___ Data provided ___
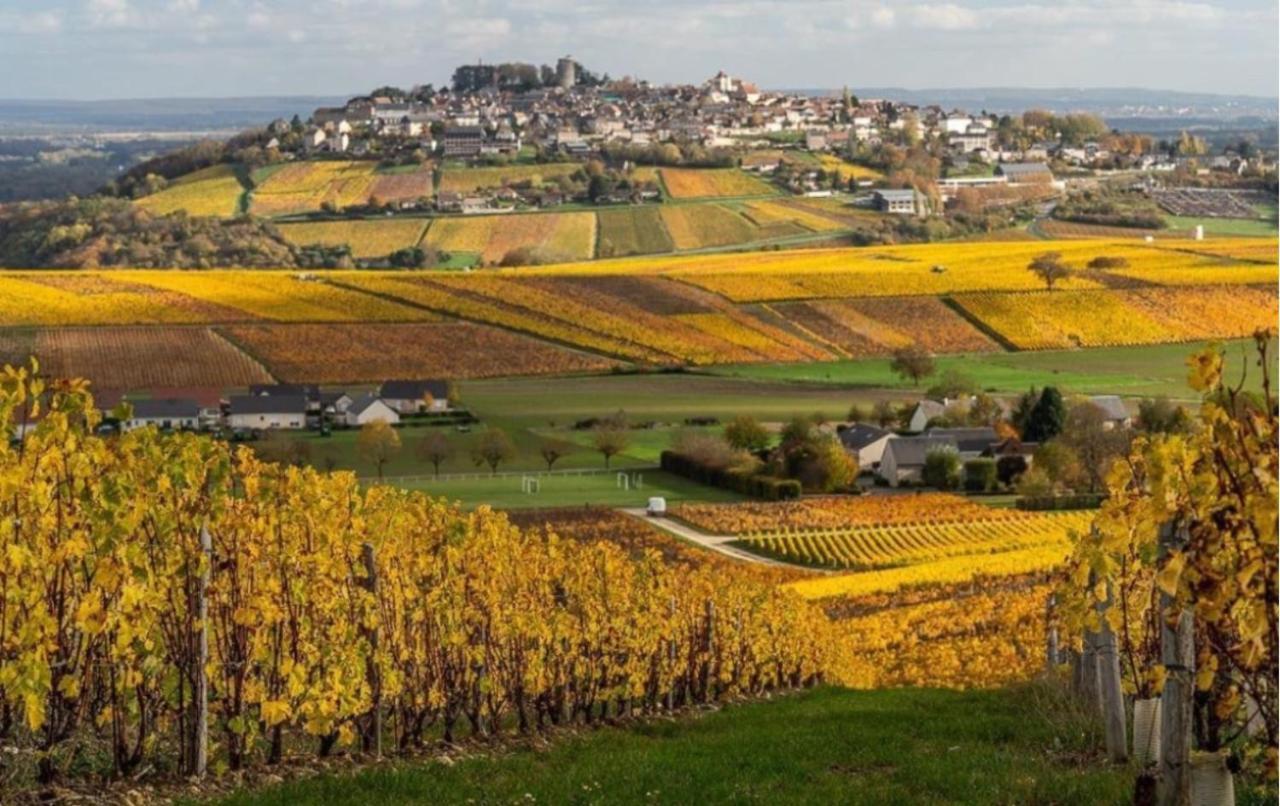 L'Annexe Villa Verdigny Kültér fotó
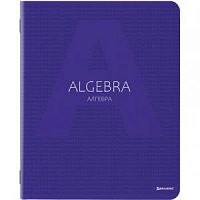 Тетрадь 48 листов BRAUBERG предм серия COLOR/Алгебра 403978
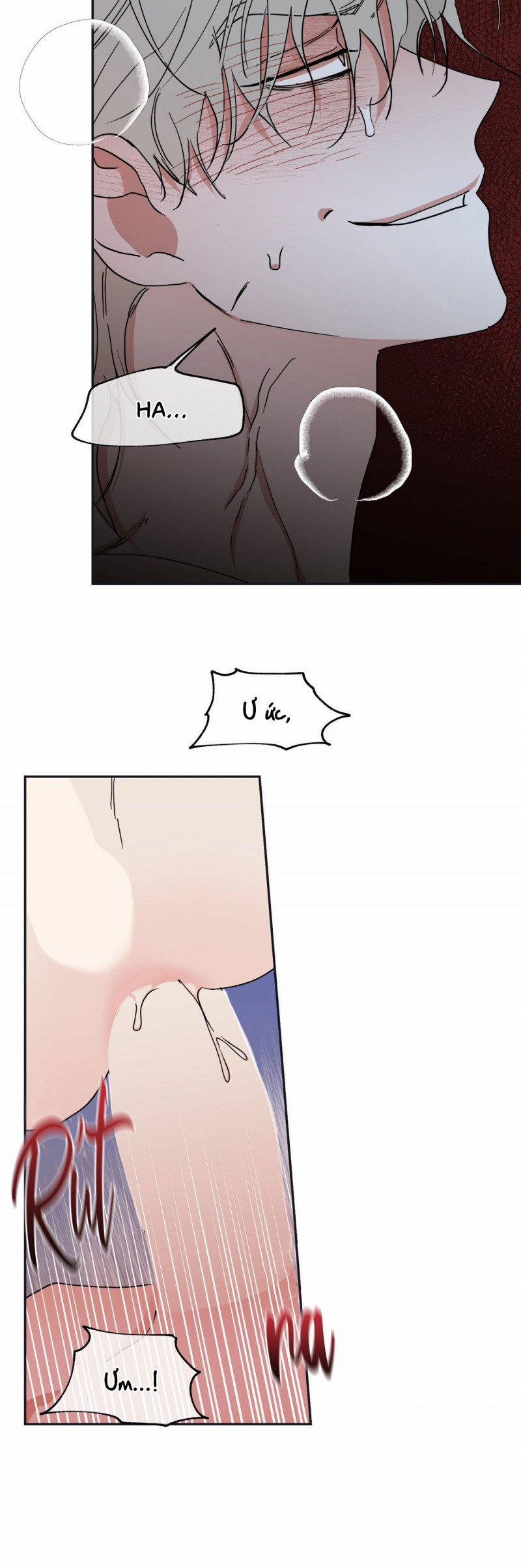 Đêm Bên Bờ Biển 12 trang 8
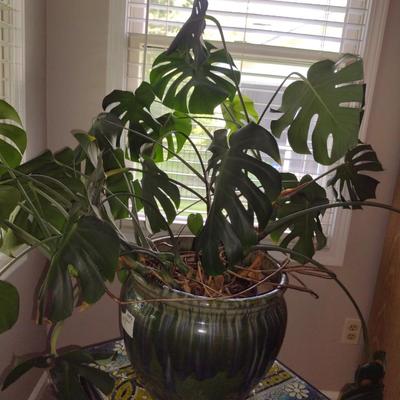 Split-Leaf Philodendron Live Plant in Glazed Ceramic Pot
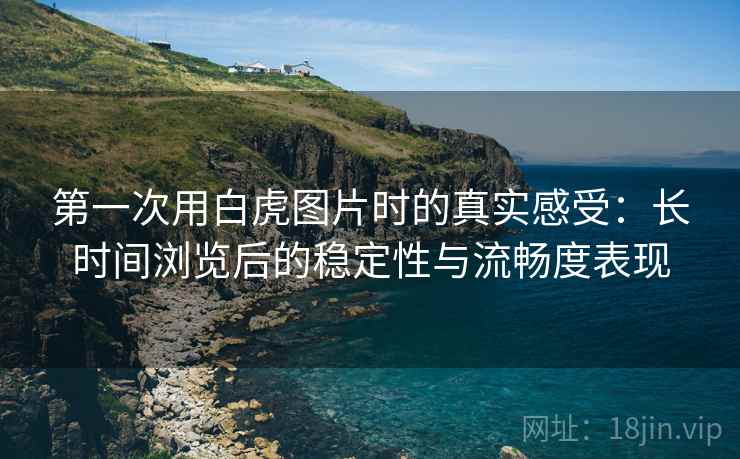 第一次用白虎图片时的真实感受：长时间浏览后的稳定性与流畅度表现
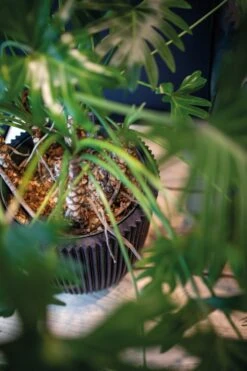 Capi Europe - Bloempot Bol Groove NL - 43x41 - Zwart - Voor Binnen En Buiten - KGVBL933 -Tuinen Speciaal Winkel 799x1200 29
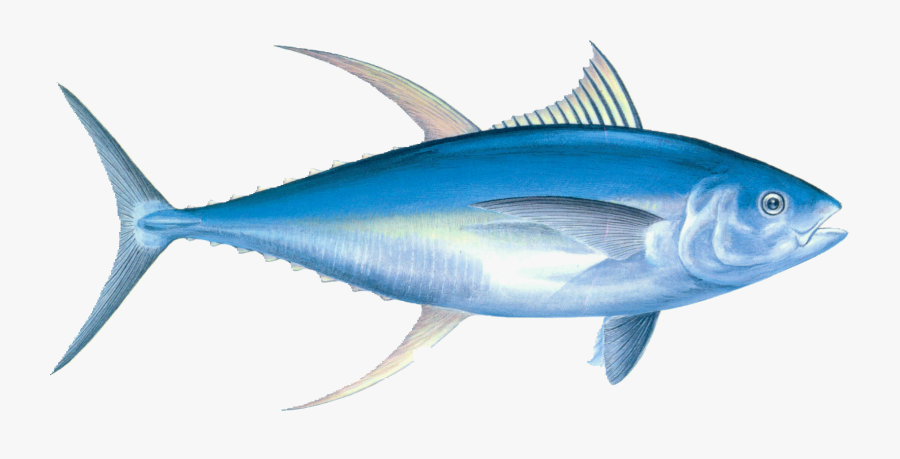 Nutrition From Fish & Sea Food - Sailfish, Transparent Clipart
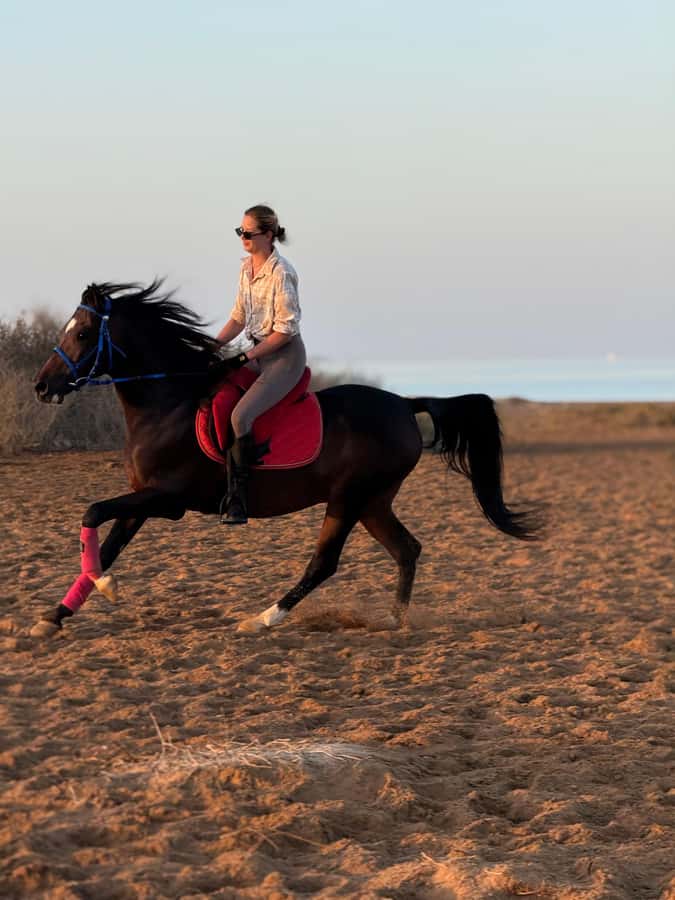 Hurghada: 1-Hour Desert & Beach Camel Ride with Transfers - Comfort, age limits, and animal care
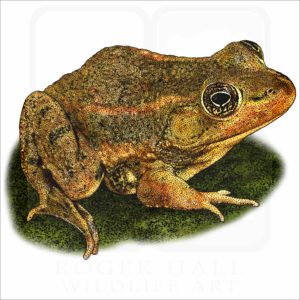 Carpenter Frog illustration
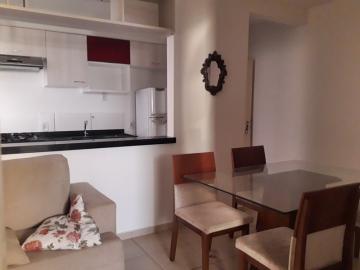 Alugar Apartamento / Padr&atilde;o em S&atilde;o Jos&eacute; do Rio Preto R$ 1.100,00 - Foto 4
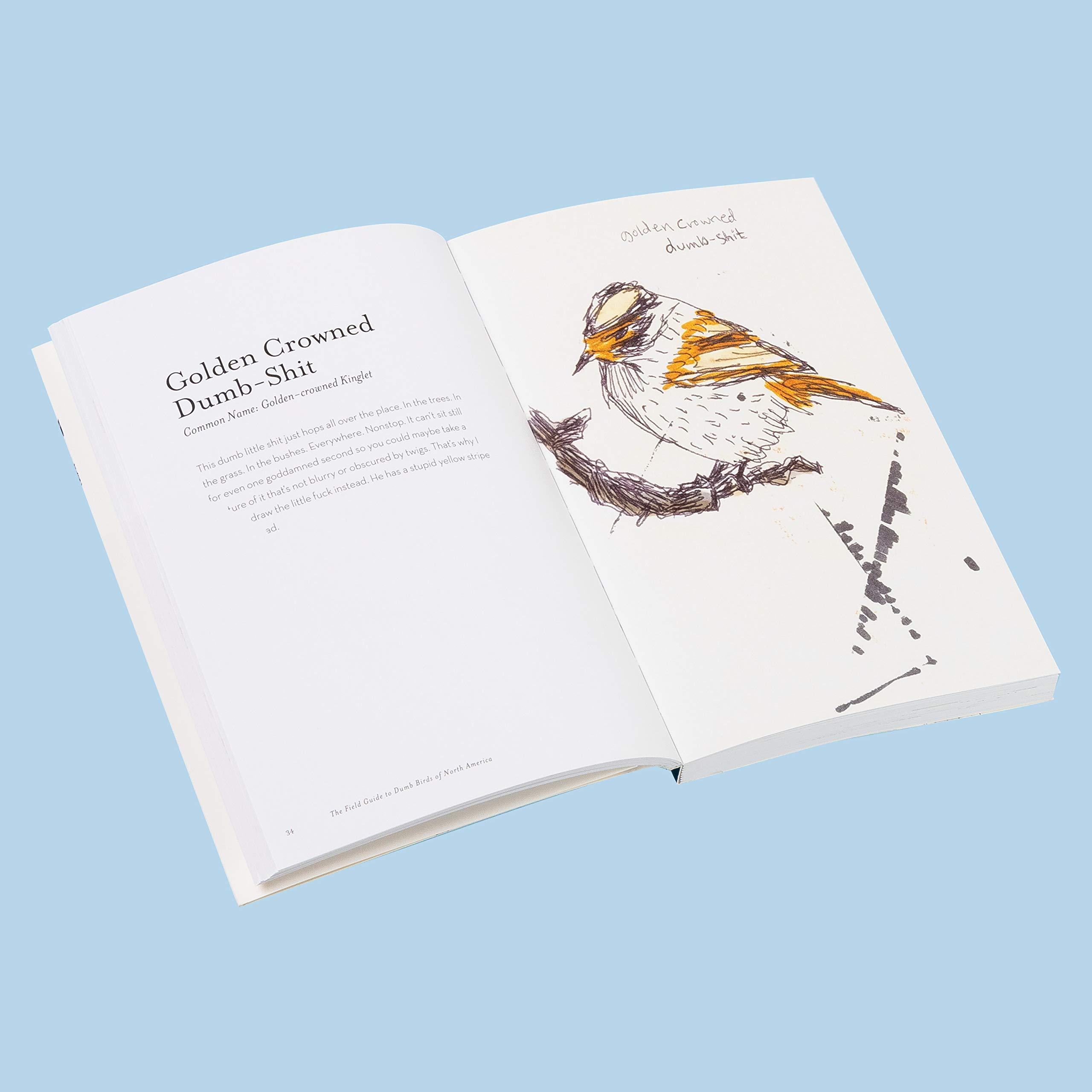 The Field Guide to Dumb Birds of North America (Bird Books, Books for Bird Lovers, Humor Books) - Image 7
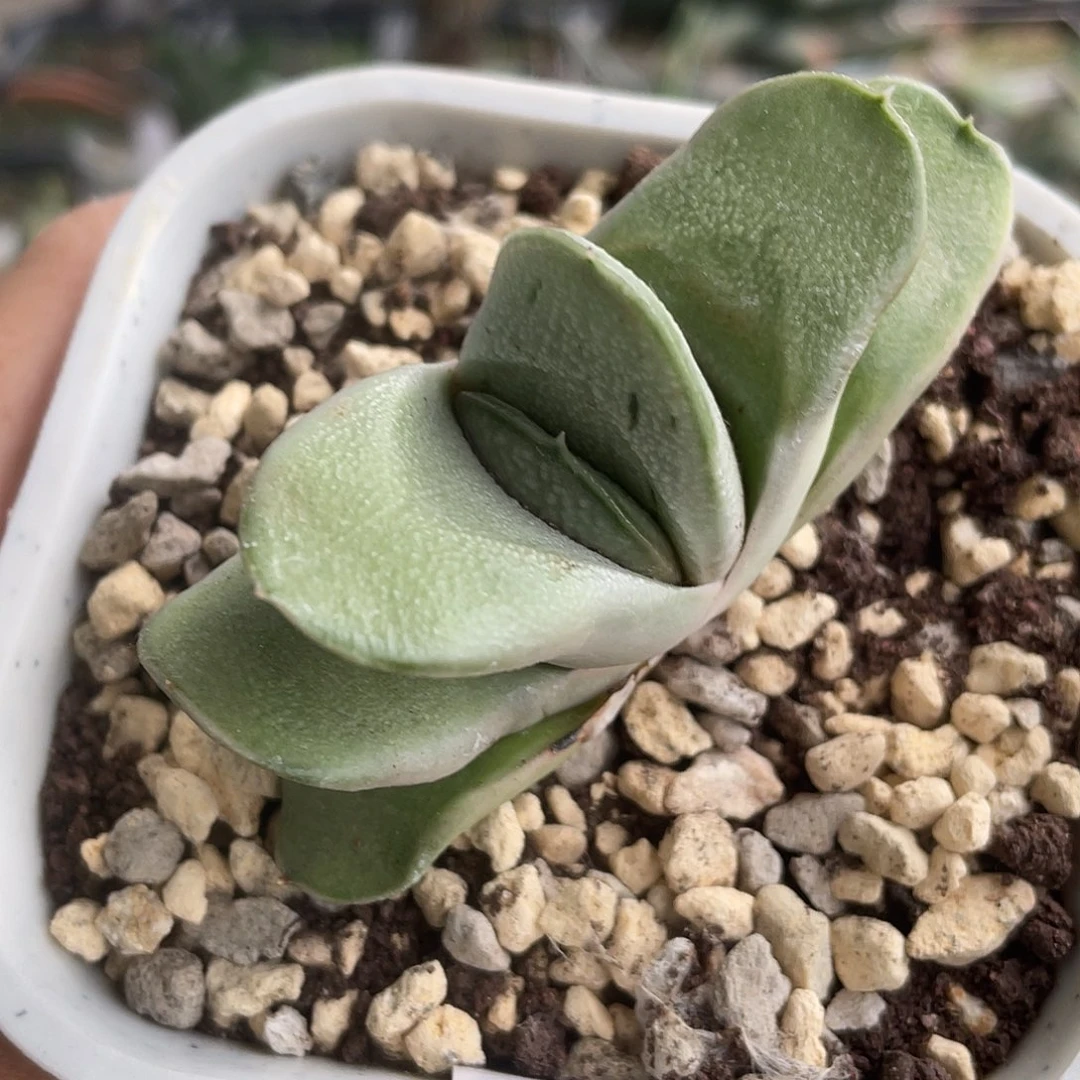 58脱土发货111111111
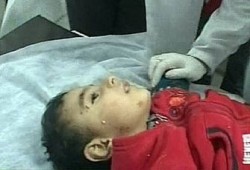 313 طفلاً شهداء العدوان الصهيوني على غزة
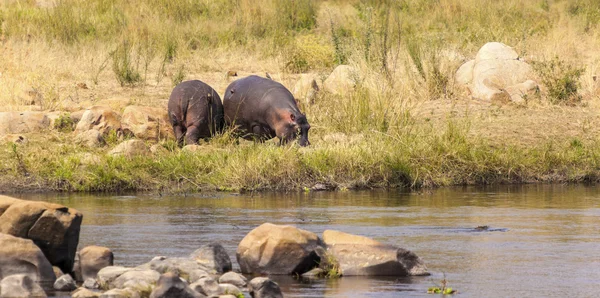 Hipopótamos pastando cerca del río —  Fotos de Stock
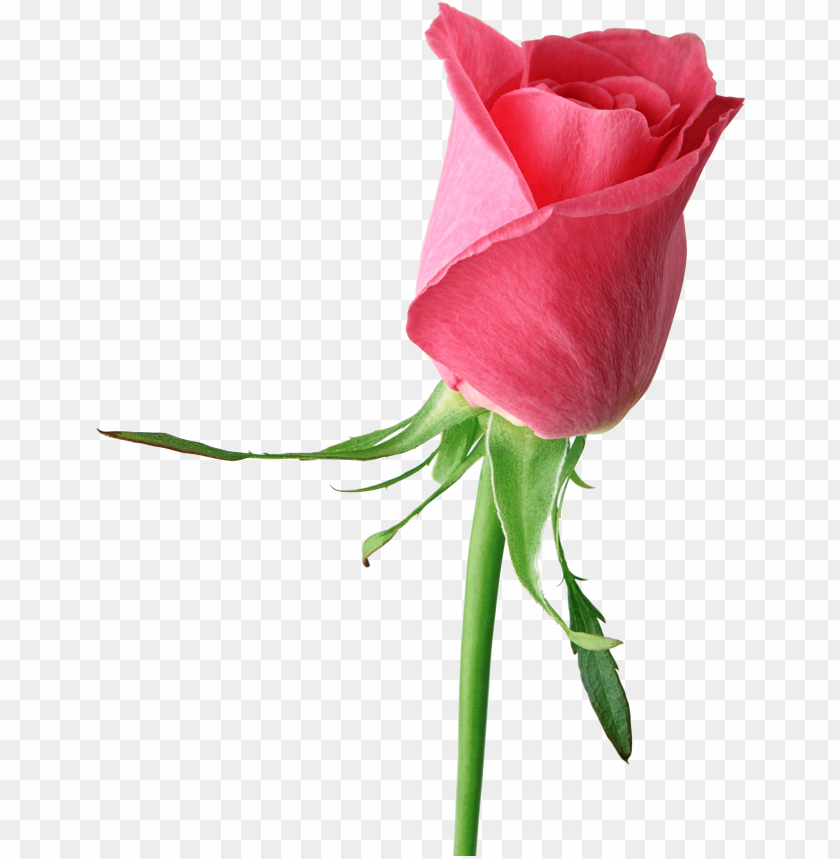 bouquet of roses, single flower, pink flower, sakura flower, flower plants, cherry blossom flower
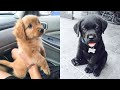 Cute puppies doing funny things 2021 10 cutest dogs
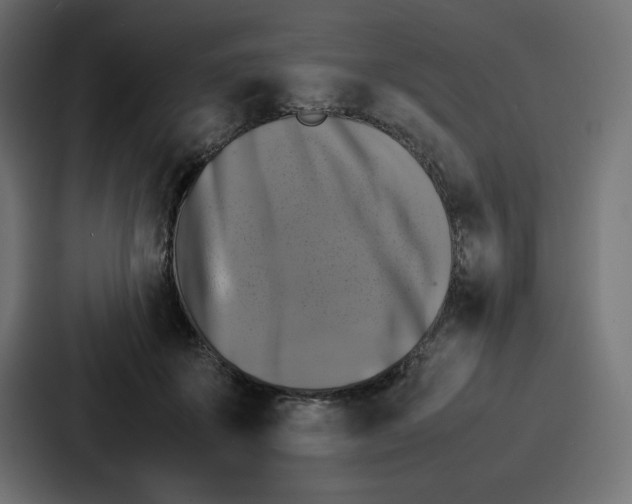 X0000087050507200705160954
___
* _What is expected_:
Which lines run from the one that holds "Capi Europe - Bloempot" to the final line of the records above? Return them exactly, and skip the pictures.

* _Exercise output_:
 Capi Europe - Bloempot Bol Groove NL - 43x41 - Zwart - Voor Binnen En Buiten - KGVBL933 -Tuinen Speciaal Winkel 799x1200 29
 Nutrition From Fish & Sea Food - Sailfish, Transparent Clipart
 Hurghada: 1-Hour Desert & Beach Camel Ride with Transfers - Comfort, age limits, and animal care
 Carpenter Frog illustration
 Alugar Apartamento / Padr&atilde;o em S&atilde;o Jos&eacute; do Rio Preto R$ 1.100,00 - Foto 4
 The Field Guide to Dumb Birds of North America (Bird Books, Books for Bird Lovers, Humor Books) - Image 7
 58脱土发货111111111
 313 طفلاً شهداء العدوان الصهيوني على غزة
 Hipopótamos pastando cerca del río —  Fotos de Stock
 bouquet of roses, single flower, pink flower, sakura flower, flower plants, cherry blossom flower
 Cute puppies doing funny things 2021 10 cutest dogs
 X0000087050507200705160954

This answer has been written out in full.